Dr. Boutros-Ghali, in an opening statement, noted that “the three major religions represent less than 50 percent of world religions, but other religions account for 51 percent of recognized religions.”
“In the upcoming years Egypt will face further conflicts in religious relations, and newer religions will require recognition as they appear, so we should either approve and recognize all religions or eliminate religious classification from ID cards,” said Dr. Boutros-Ghali, according to published accounts.
The recent introduction of a computerized card system that locks out any religious identification other than the three officially recognized religions has made the problem worse for Bahá’ís, who were previously able to find clerks who might at least leave the religion field blank in old style paper ID cards.
Not only are Bahá’ís prohibited by their beliefs from lying, but it is a crime to provide false information on any official document here. Thus, unable to morally or legally list one of the three recognized religions, Bahá’ís are now prevented from obtaining new cards, and they are as a community gradually being deprived of nearly all the rights of citizenship.
In her presentation of the Bahá’í view, Dr. Moussa, an assistant professor of oral and maxillofacial surgery at Cairo University, read six pages of testimony before the Council.

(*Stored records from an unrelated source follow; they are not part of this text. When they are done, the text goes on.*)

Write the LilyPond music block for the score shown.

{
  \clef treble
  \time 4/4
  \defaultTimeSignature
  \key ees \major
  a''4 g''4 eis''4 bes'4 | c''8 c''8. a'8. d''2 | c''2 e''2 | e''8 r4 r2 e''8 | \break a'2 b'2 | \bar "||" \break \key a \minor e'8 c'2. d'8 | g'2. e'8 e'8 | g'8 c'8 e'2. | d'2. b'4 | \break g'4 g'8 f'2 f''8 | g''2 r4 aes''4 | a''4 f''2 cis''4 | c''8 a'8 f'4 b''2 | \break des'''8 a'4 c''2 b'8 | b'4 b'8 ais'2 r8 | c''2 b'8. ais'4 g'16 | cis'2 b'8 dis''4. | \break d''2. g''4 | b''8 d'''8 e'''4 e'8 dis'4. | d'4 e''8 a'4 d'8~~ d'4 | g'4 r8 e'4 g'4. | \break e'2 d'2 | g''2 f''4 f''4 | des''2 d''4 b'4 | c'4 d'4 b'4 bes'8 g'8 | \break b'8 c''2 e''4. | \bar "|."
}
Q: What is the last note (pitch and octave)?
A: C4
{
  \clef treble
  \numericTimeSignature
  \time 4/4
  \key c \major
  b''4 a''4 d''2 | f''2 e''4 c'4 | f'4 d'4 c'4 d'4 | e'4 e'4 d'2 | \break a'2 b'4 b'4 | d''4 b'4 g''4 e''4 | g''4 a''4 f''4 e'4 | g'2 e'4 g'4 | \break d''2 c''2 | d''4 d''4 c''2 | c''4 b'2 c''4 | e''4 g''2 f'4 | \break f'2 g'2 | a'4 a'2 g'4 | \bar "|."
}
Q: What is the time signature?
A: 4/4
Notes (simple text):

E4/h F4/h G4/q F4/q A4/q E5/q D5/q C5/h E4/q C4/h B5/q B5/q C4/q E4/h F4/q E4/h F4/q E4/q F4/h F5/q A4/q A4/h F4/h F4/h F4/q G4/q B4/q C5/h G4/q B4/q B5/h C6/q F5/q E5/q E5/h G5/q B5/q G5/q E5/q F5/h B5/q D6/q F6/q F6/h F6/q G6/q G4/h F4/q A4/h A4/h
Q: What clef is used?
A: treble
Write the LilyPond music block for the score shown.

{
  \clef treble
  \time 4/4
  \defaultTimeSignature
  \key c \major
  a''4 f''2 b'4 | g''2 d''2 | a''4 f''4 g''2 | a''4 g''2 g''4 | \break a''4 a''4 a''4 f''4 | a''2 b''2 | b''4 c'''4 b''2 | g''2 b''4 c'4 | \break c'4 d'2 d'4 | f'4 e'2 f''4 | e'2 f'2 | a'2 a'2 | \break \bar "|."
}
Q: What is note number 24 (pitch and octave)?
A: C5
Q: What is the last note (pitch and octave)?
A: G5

Her testimony focused on the degree to which international law and the Egyptian constitution uphold the right to freedom of religion or belief. In particular, she said, Articles 40 and 46 of the Egyptian constitution both grant the freedom of religious practice and belief, as does the International Covenant on Civil and Political Rights, which Egypt has signed.
In view of these laws, Dr. Moussa said, “it is obvious that limiting the religions on the ID card to the three [official religions] interferes with the freedom of those who believe in religions other than those.
“In these cases, it is as if you are forcing a religion on the ID card holder, which is counter to what the law and the constitution state, and it goes against international human rights.”
In other countries where Muslims are not in the majority, “they expect, and rightfully so, that their rights will be fully provided for. This, and no more, is what Bahá’ís are asking for.”
—Basma Moussa, Egyptian Baha'i community
Dr. Moussa also said there have been cases in other official documents, such as birth and death certificates, where Bahá’ís have been identified as Bahá’ís — or where the field has simply been left blank. “These alternatives prove to us that it can be done.”
She added that in other countries where Muslims are not in the majority, “they expect, and rightfully so, that their rights will be fully provided for. This, and no more, is what Bahá’ís are asking for.”
“We are asking that, on official papers, you either list ‘Bahá’í,’ or ‘other,’ or a ‘dash’ — or just leave it blank,” said Dr. Moussa. “This is actually all that we have asked of governmental agencies over the last few years.”